Data for this task:
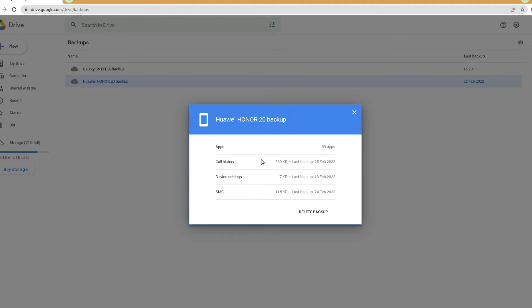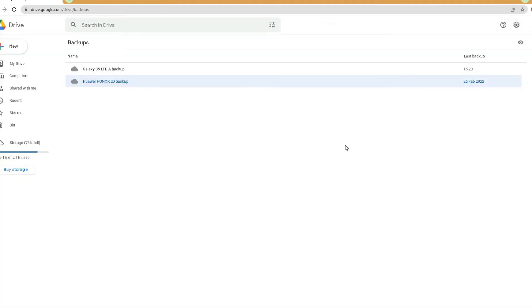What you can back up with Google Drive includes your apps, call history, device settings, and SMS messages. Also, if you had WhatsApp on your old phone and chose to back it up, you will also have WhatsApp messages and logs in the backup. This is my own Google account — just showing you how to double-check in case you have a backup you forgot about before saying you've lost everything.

...

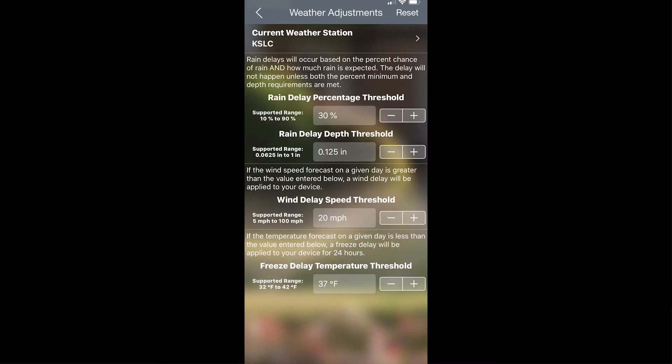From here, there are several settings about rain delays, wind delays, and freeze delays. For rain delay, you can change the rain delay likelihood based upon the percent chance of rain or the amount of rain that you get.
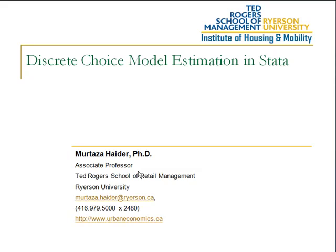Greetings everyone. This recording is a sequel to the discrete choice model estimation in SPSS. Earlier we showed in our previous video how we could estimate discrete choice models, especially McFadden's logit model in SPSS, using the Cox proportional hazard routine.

==

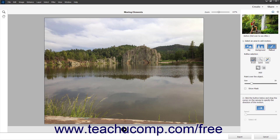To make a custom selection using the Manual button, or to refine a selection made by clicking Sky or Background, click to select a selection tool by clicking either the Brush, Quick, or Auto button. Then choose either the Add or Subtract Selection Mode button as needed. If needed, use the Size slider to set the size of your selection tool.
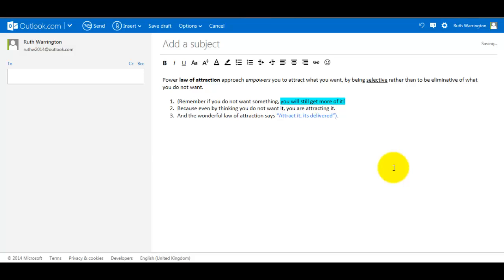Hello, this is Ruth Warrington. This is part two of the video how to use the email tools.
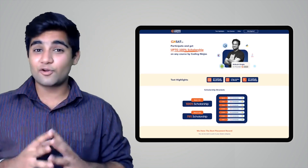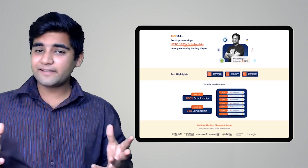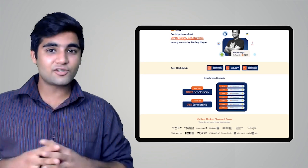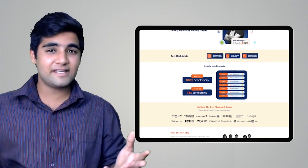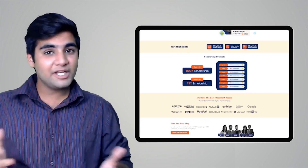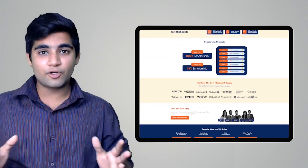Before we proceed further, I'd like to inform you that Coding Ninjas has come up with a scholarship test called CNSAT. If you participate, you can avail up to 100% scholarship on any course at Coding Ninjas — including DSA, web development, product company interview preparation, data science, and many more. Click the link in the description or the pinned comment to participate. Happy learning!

Work instruction: Repeat, without pictures, exactly the lines of the data above from the one containing "Hello, this is" through the one containing "Before we proceed", including both and adding nothing.

Solution to the problem:
Hello, this is Ruth Warrington. This is part two of the video how to use the email tools.
Before we proceed further, I'd like to inform you that Coding Ninjas has come up with a scholarship test called CNSAT. If you participate, you can avail up to 100% scholarship on any course at Coding Ninjas — including DSA, web development, product company interview preparation, data science, and many more. Click the link in the description or the pinned comment to participate. Happy learning!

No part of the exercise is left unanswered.